- Exercise details -
Please copy exactly the line containing "NH license plate 2786393" and every line after it, through the last line of the records below, leaving out all pictures.

[Stored entries]
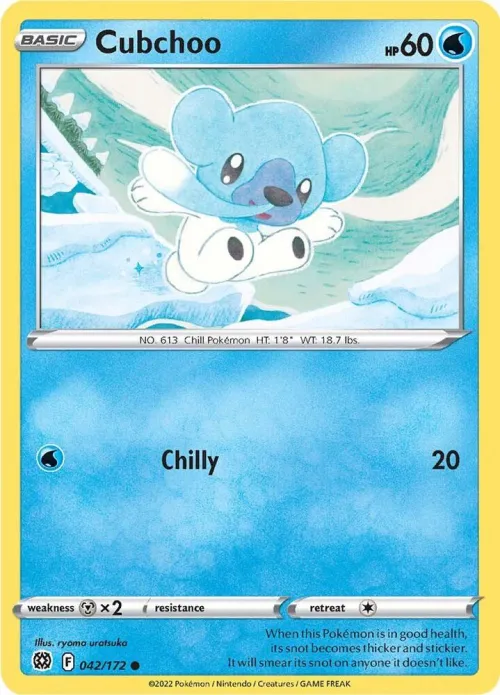 Cubchoo - Reverse Holo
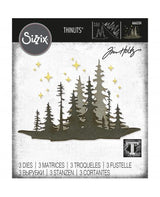 TROQUEL SIZZIX THINLITS DIE SET Forest Shadows 1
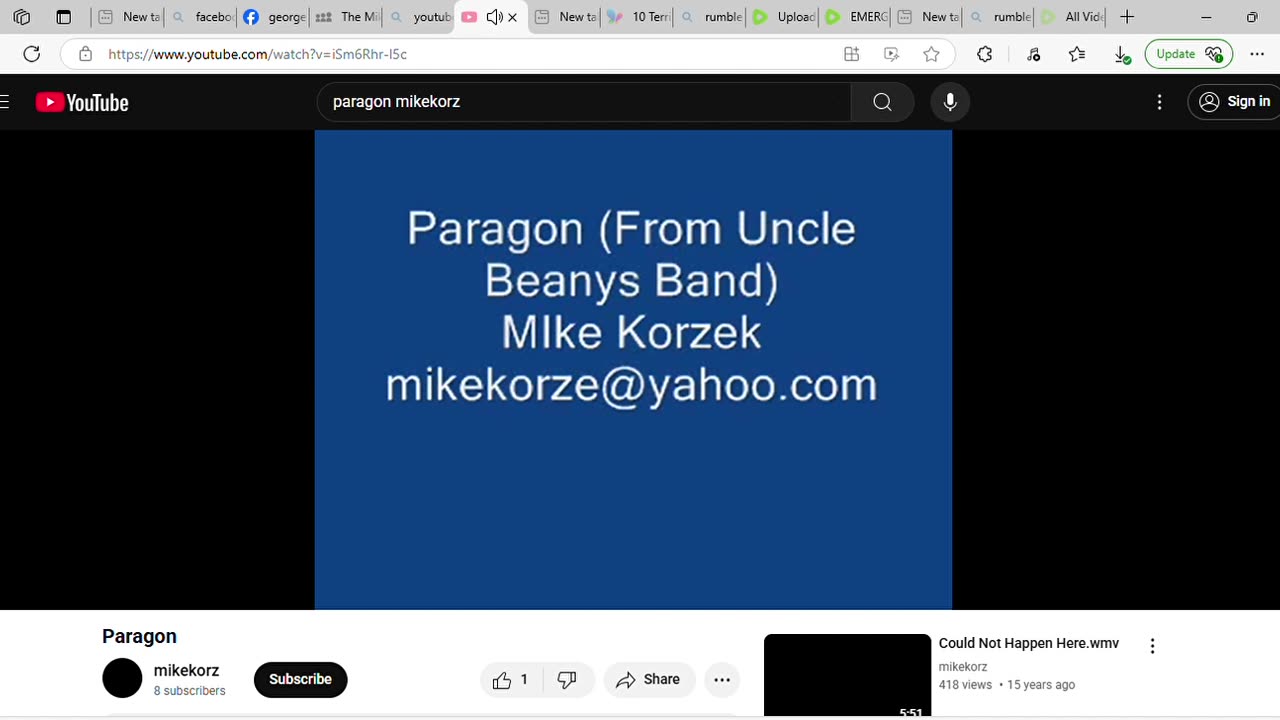 Paragon - The Mike Korzak Band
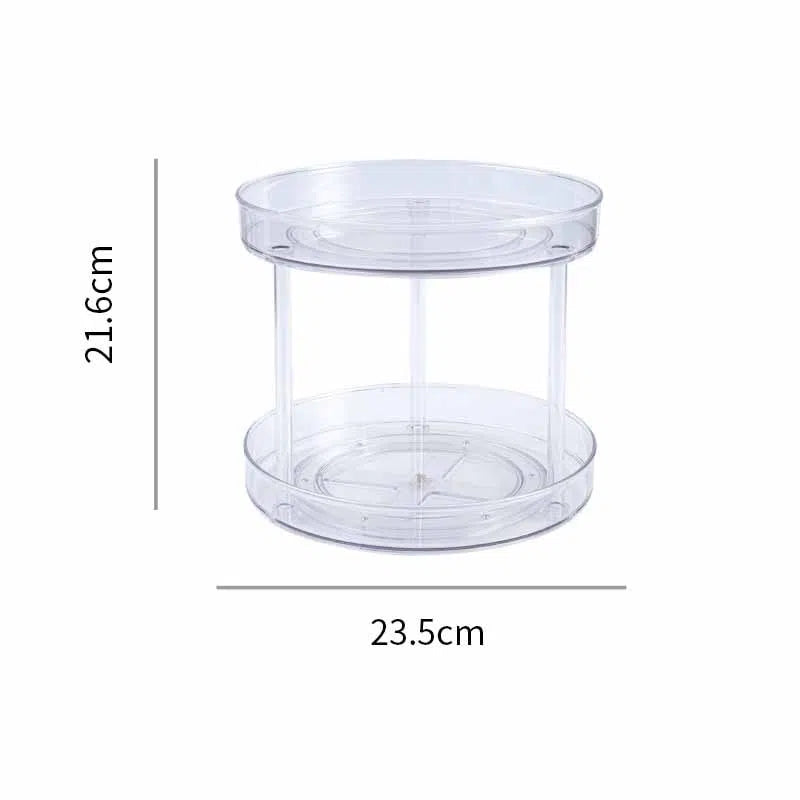 Bandeja Giratória em Acrílico - Modelo de 1 ou 2 Andares-Kasamô
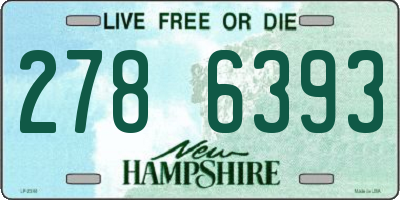 NH license plate 2786393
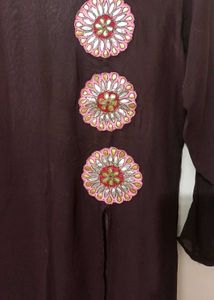 Brown Full Dress - perfect for shadi season
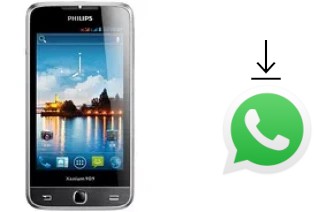 Cómo instalar WhatsApp en un Philips W736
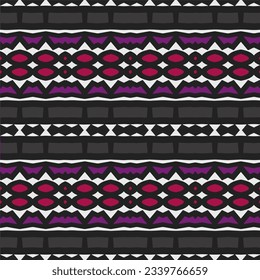 Geometric ornament in ethnic style.Seamless pattern with abstract  shapes.Repeat design for fashion, textile design,  on wall paper, wrapping paper, fabrics and home decor.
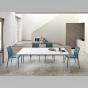 Table rectangulaire en métal Armando de Midj pour cafétéria, restauration, réunion, coworking space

- Your response -
 NH license plate 2786393
 Brown Full Dress - perfect for shadi season
 Cómo instalar WhatsApp en un Philips W736
 Geometric ornament in ethnic style.Seamless pattern with abstract  shapes.Repeat design for fashion, textile design,  on wall paper, wrapping paper, fabrics and home decor.
 Table rectangulaire en métal Armando de Midj pour cafétéria, restauration, réunion, coworking space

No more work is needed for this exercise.